How to complete this task – Below is a listing with pictures in it. Copy it exactly without them.

[[ Information supplied, beginning ]]

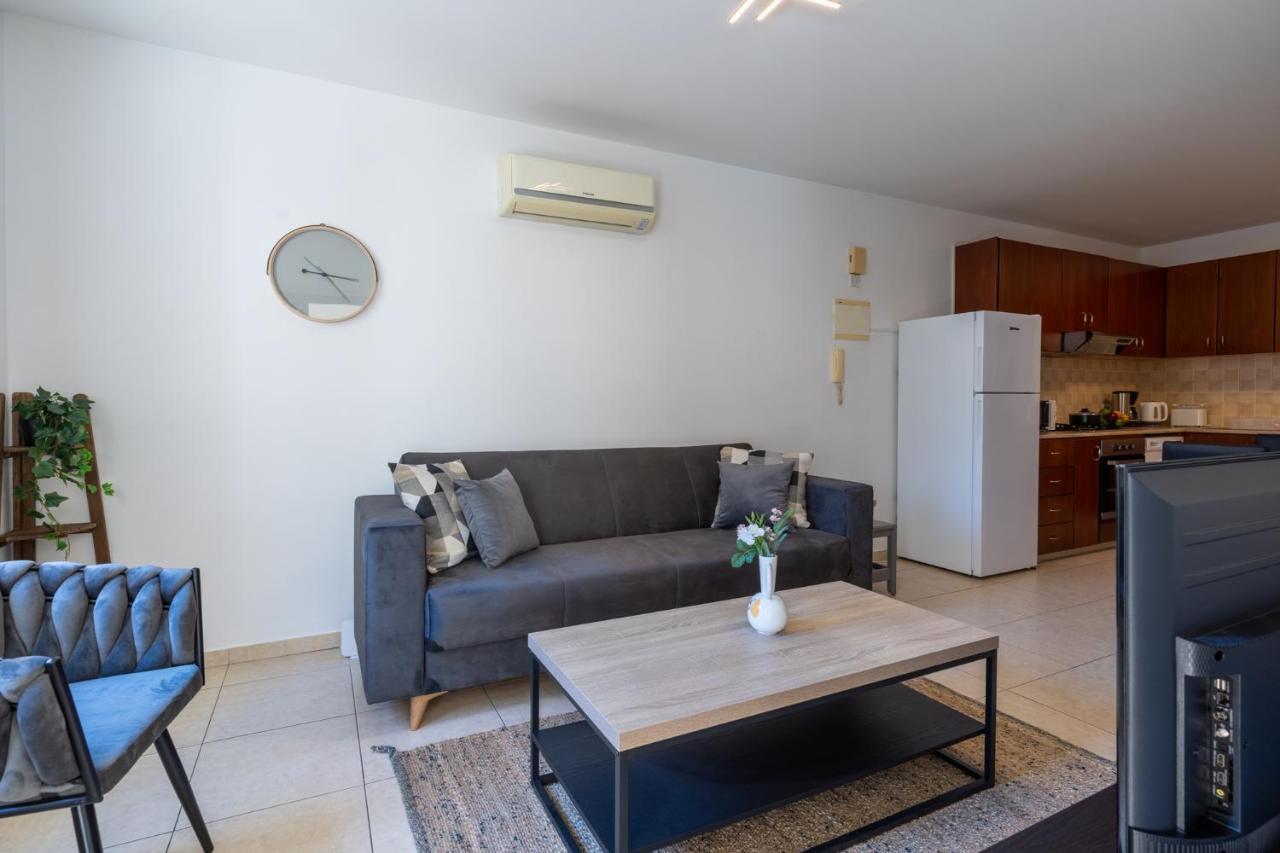 Mia 1-Bedroom Apartment In Λάρνακα Εξωτερικό φωτογραφία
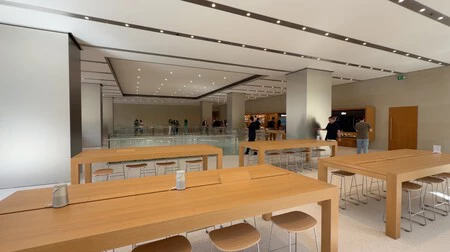Apple Store Barcelona 5
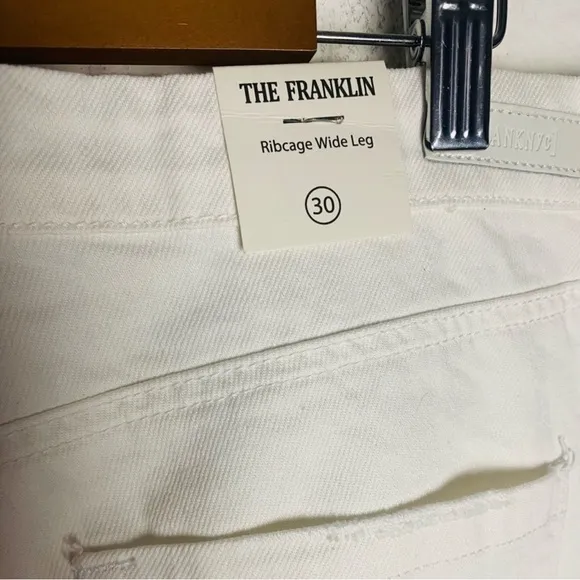 Blank NYC The Franklin in the Clouds Ribcage Wide Leg White Jeans Women’s 30 NEW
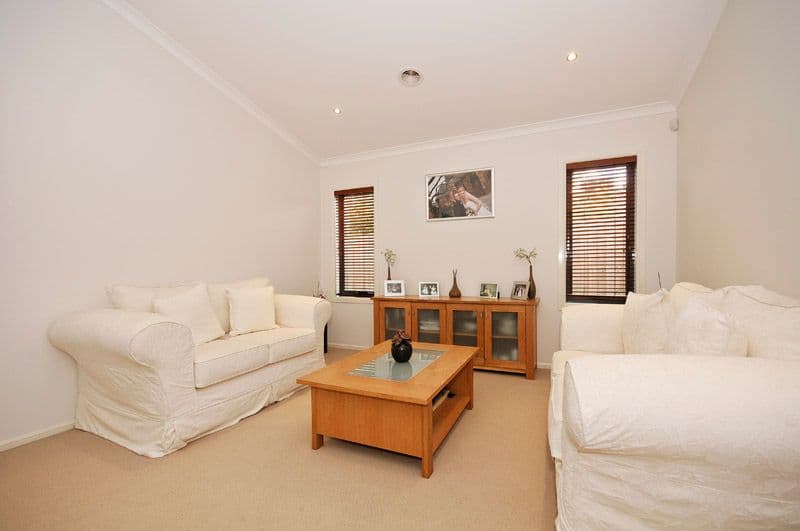43 Tudor Drive, MOOROOLBARK VIC 3138, Mooroolbark - Thumbnail 3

[[ Information supplied, end ]]

Answer box –
 Mia 1-Bedroom Apartment In Λάρνακα Εξωτερικό φωτογραφία
Apple Store Barcelona 5
 Blank NYC The Franklin in the Clouds Ribcage Wide Leg White Jeans Women’s 30 NEW
43 Tudor Drive, MOOROOLBARK VIC 3138, Mooroolbark - Thumbnail 3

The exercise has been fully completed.